■ WHAT IS NEEDED ■
Transcribe the records that follow. Keep every word exactly, and drop the pictures.

---------- TASK DATA

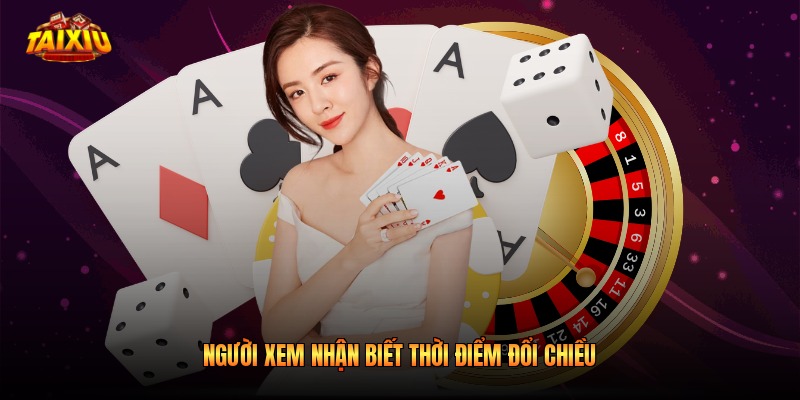 Người xem nhận biết thời điểm đổi chiều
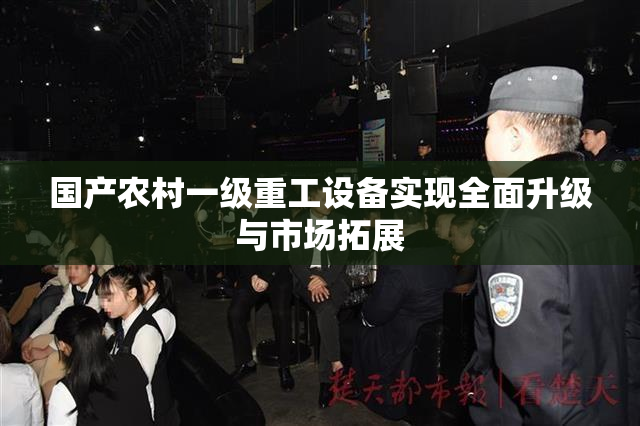 国产农村一级重工设备实现全面升级与市场拓展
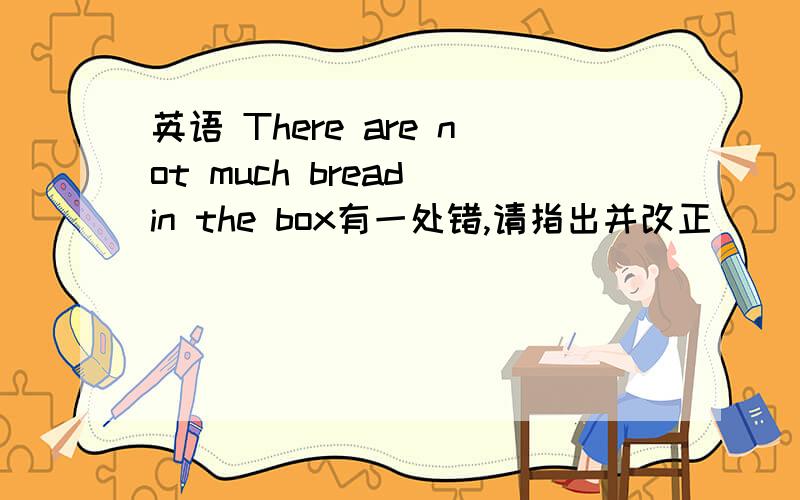 英语 There are not much bread in the box有一处错,请指出并改正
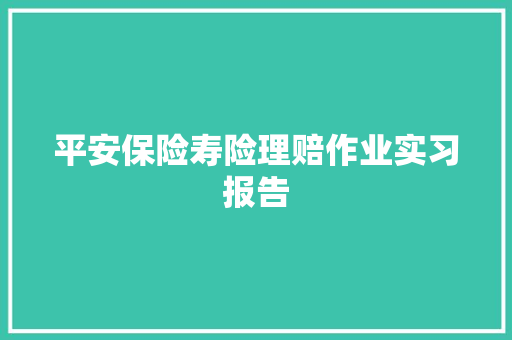 平安保险寿险理赔作业实习报告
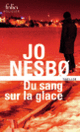 Couverture Du sang sur la glace (Jo Nesbø)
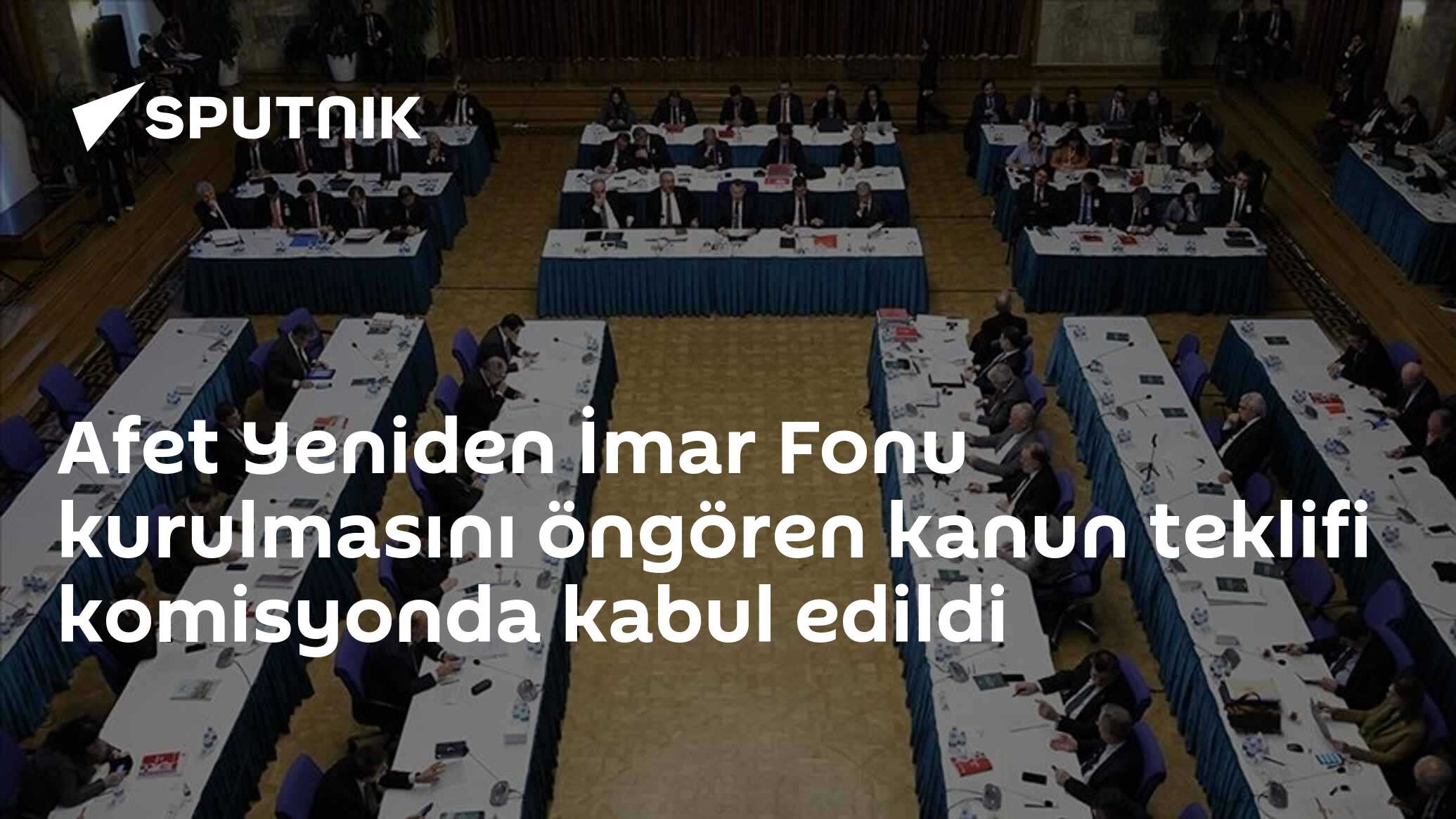 Afet Yeniden İmar Fonu Kurulmasını öngören Kanun Teklifi Komisyonda ...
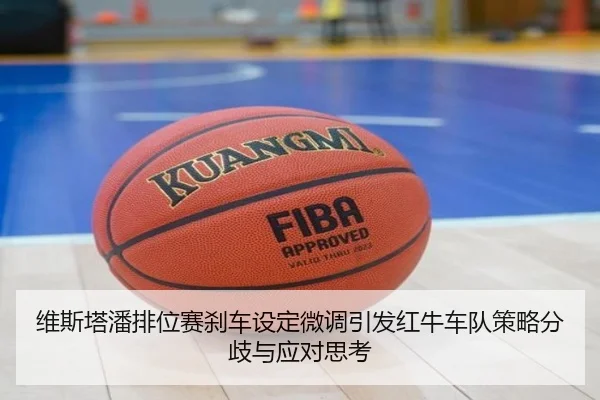 维斯塔潘排位赛刹车设定微调引发红牛车队策略分歧与应对思考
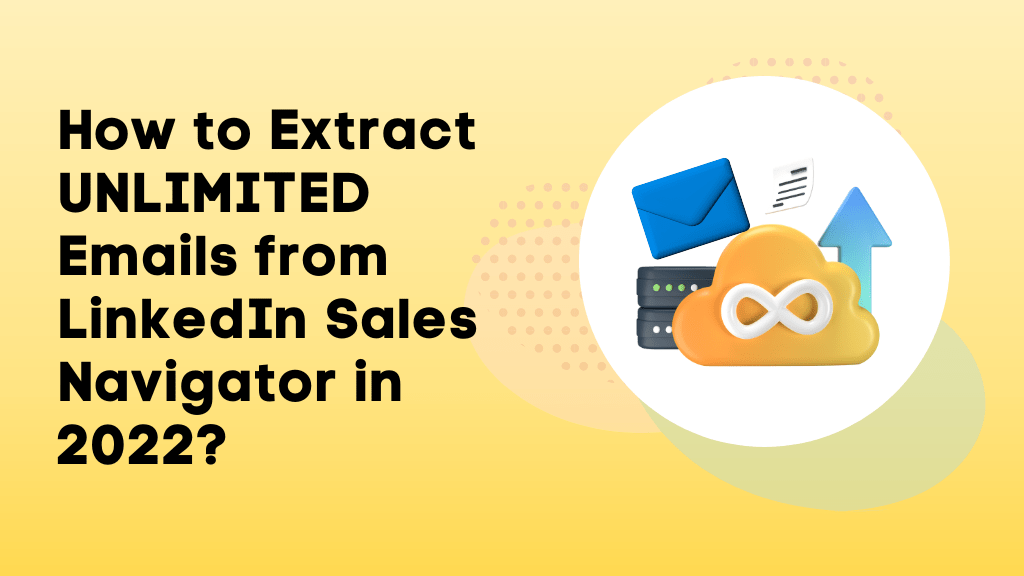 How to Extract UNLIMITED Emails from LinkedIn Sales Navigator in 2022?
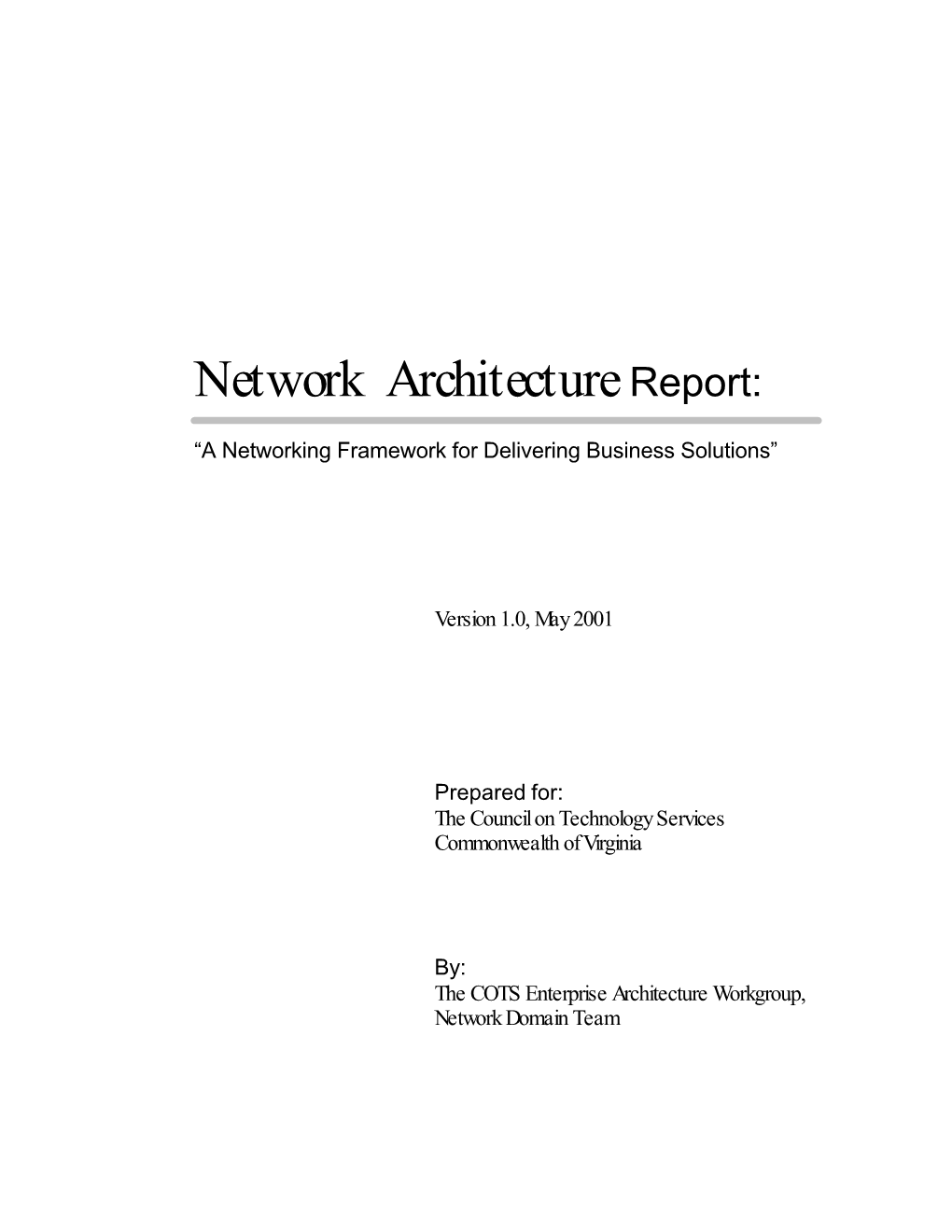 Network Architecture Report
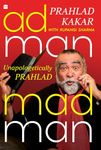 Adman-Madman: Unapologetically Prahlad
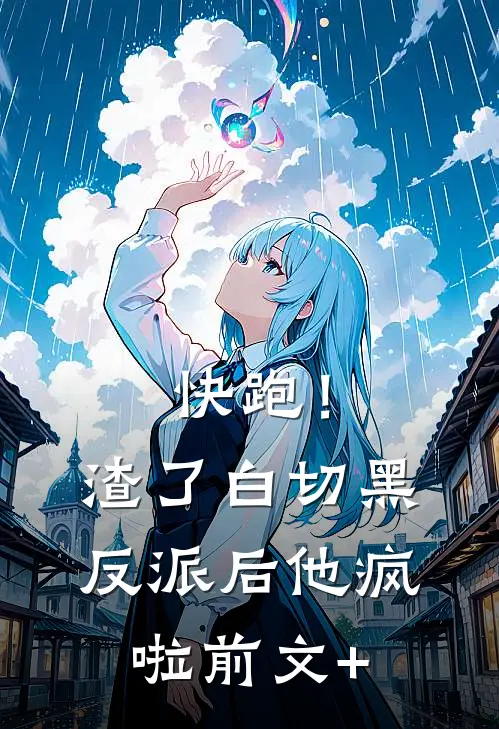 快跑！渣了白切黑反派后，他疯啦前文+
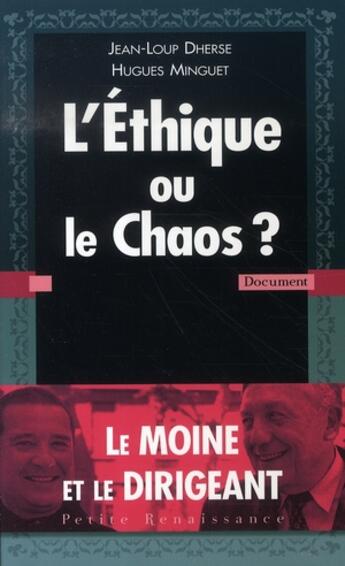 Couverture du livre « L'éthique ou le chaos ? le moine et le dirigeant » de Jean-Loup Dherse et Hughes Minguet aux éditions Presses De La Renaissance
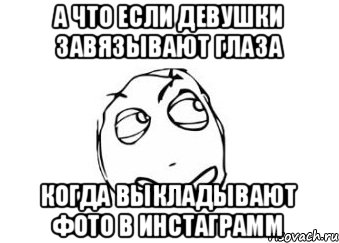 А что если девушки завязывают глаза Когда выкладывают фото в инстаграмм, Мем Мне кажется или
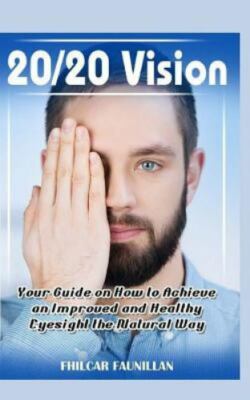 20/20 Vision : Your Guide on How to Achieve an Improved and Healthy Eyesight ...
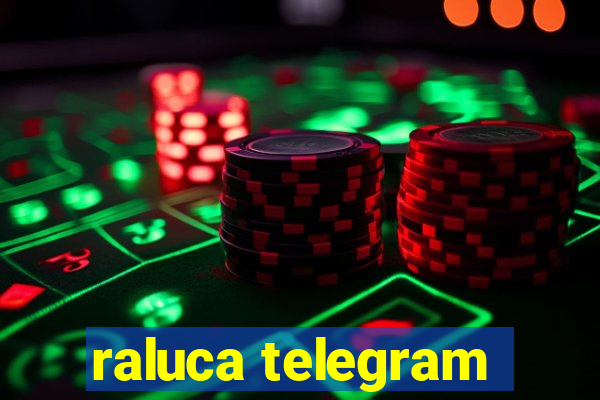 raluca telegram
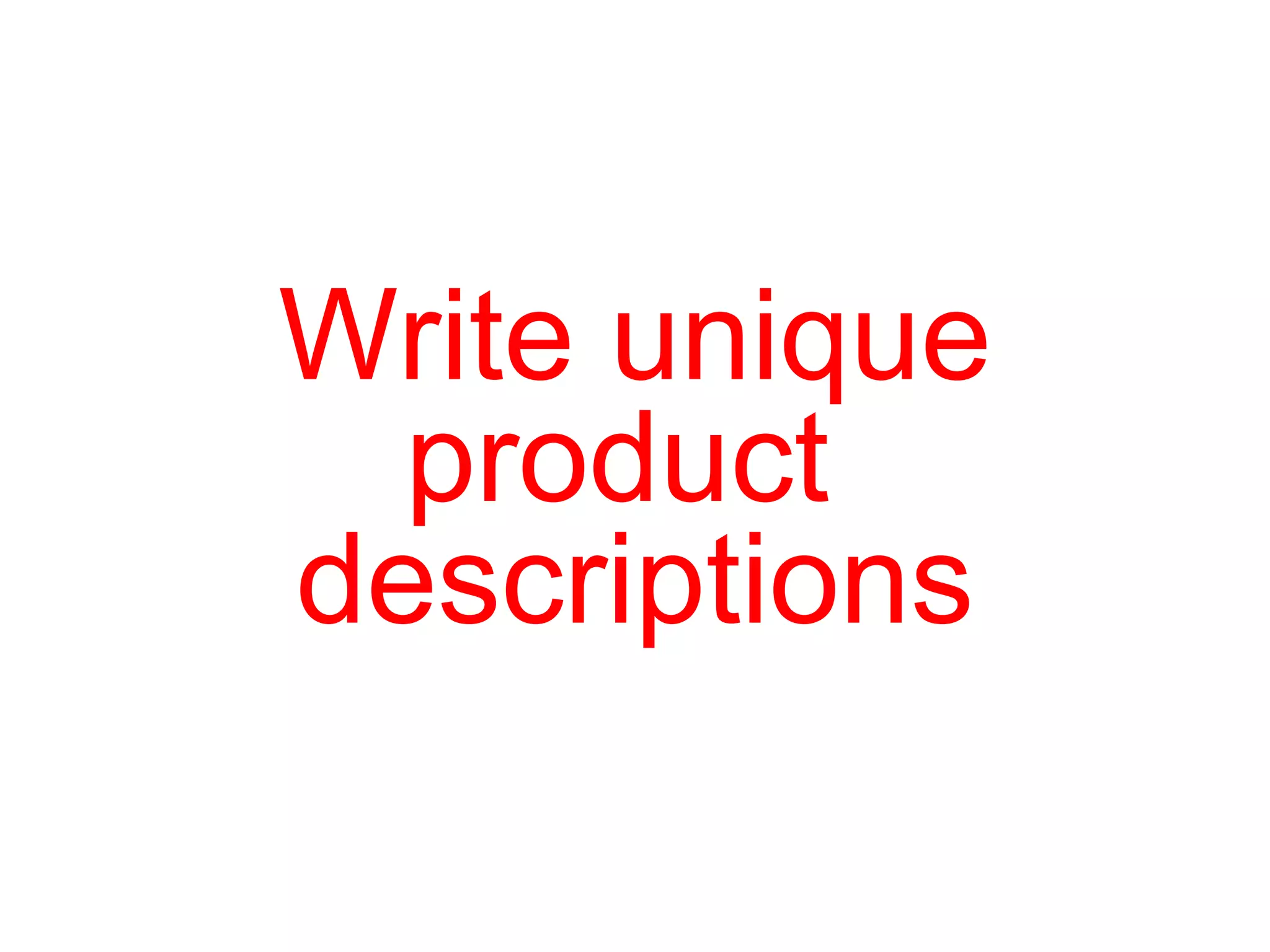 Write unique product  descriptions 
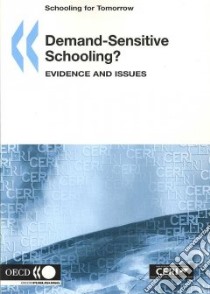 Demand-Sensitive Schooling? Evidence and Issues libro in lingua di Not Available (NA)
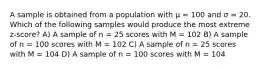 A sample is obtained from a population with μ = 100 and σ = 20. Which of the following samples would produce the most extreme z-score?​ A) ​A sample of n = 25 scores with M = 102 ​B) A sample of n = 100 scores with M = 102 ​C) A sample of n = 25 scores with M = 104 ​D) A sample of n = 100 scores with M = 104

--------------------

■ WRITTEN RESPONSE ■
 Người xem nhận biết thời điểm đổi chiều
 国产农村一级重工设备实现全面升级与市场拓展
 英语 There are not much bread in the box有一处错,请指出并改正
 平安保险寿险理赔作业实习报告
 Couverture Du sang sur la glace (Jo Nesbø)
 Afet Yeniden İmar Fonu Kurulmasını öngören Kanun Teklifi Komisyonda ...
 维斯塔潘排位赛刹车设定微调引发红牛车队策略分歧与应对思考
 How to Extract UNLIMITED Emails from LinkedIn Sales Navigator in 2022?
 Network Architecture Report
 Adman-Madman: Unapologetically Prahlad
 快跑！渣了白切黑反派后，他疯啦前文+
 Couverture du livre « L'éthique ou le chaos ? le moine et le dirigeant » de Jean-Loup Dherse et Hughes Minguet aux éditions Presses De La Renaissance
 А что если девушки завязывают глаза Когда выкладывают фото в инстаграмм, Мем Мне кажется или
 20/20 Vision : Your Guide on How to Achieve an Improved and Healthy Eyesight ...
 raluca telegram
 Write unique product  descriptions 
 Demand-Sensitive Schooling? Evidence and Issues libro in lingua di Not Available (NA)
 A sample is obtained from a population with μ = 100 and σ = 20. Which of the following samples would produce the most extreme z-score?​ A) ​A sample of n = 25 scores with M = 102 ​B) A sample of n = 100 scores with M = 102 ​C) A sample of n = 25 scores with M = 104 ​D) A sample of n = 100 scores with M = 104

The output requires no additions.